In the case of VM Morrison Supermarkets Plc v Various Claimants, the Court of Appeal (“CA”) held that the supermarket chain Morrisons was liable for the actions of an employee who wrongfully disclosed the personal data of 99,998 of his colleagues.
The employee Mr Skelton, was a senior IT internal auditor employed by Morrisons. Having used Morrisons’ postal facilities for his private purposes without permission, an internal disciplinary hearing was held and Mr Skelton was given a formal verbal warning.
Mr Skelton was annoyed by the disciplinary proceedings and the sanction he received, and subsequently uploaded payroll data from his home computer onto the internet which contained the personal details of 99,998 of his colleagues. The data consisted of the following: names, addresses, gender, dates of birth, phone numbers (home or mobile), national insurance numbers, bank sort codes, bank account numbers and salaries.
Morrisons were alerted of the breach, took down the website and informed the police. Mr Skelton was arrested and sentenced to eight years imprisonment.
As a result of the data breach, 5,518 employees (the “Claimants”) issued a claim for damages, against Morrisons, for misuse of private information, breach of confidence, and breach of statutory duty under data protection legislation. The Claimants argued that Morrisons was vicariously liable for the wrongful conduct of Mr Skelton.
The High Court held that Morrisons was vicariously liable for the data leak because Mr Skelton unlawfully disclosed the personal data in the course of his employment.

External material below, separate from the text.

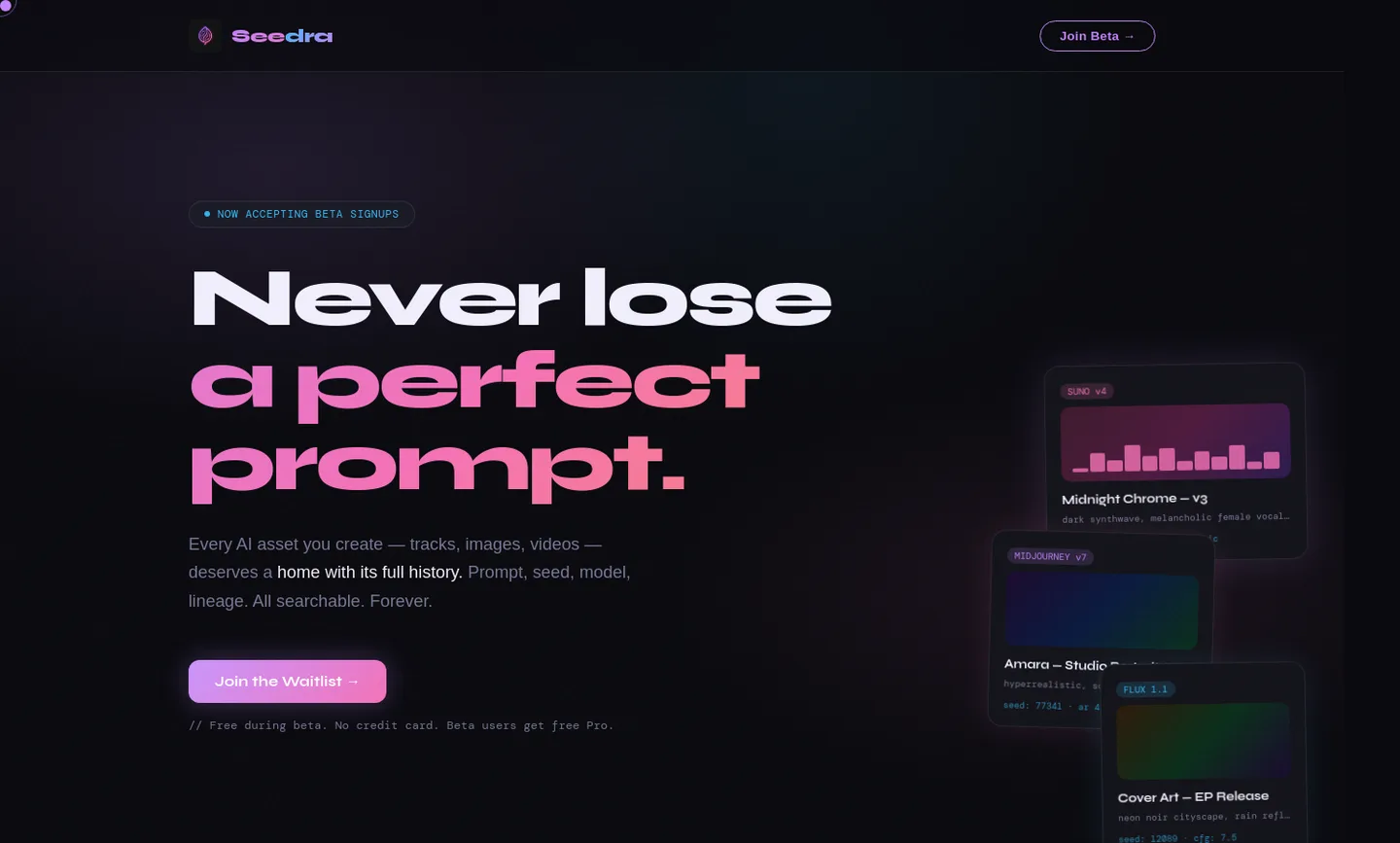 seedra.app — Hero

Morrisons appealed to the CA, however the CA upheld the High Court’s ruling.
The CA had to consider two issues: 1) the functions or field of activities entrusted by Morrisons to Mr Skelton (the nature of Mr Skelton’s job); and 2) whether there was a sufficient connection between Mr Skelton’s position and his wrongful conduct to make it right for Morrisons to be held liable.
It was accepted that the nature of Mr Skelton’s job was to deal with the payroll data, he was therefore deliberately entrusted with its protection.
In regards to the second issue, Morrisons argued that there was not a sufficient connection between Mr Skelton’s job and his wrongful conduct because he had uploaded the personal data from his home computer. However, the CA stated that although the time and place at which an act occurs will always be relevant, it is not conclusive to establishing vicarious liability. There are a number of cases where employers have been held liable for the acts committed by their employees away from the workplace. Mr Skelton misused his position of trust in a way which injured the Claimants, and as Morrisons put him in that position of trust it was held that Morrisons should be held responsible. There was an unbroken thread that linked Mr Skelton’s work to the unlawful disclosure.
This case serves as a reminder of the potential for employers to be held liable for an employee’s wrongful conduct outside of the workplace.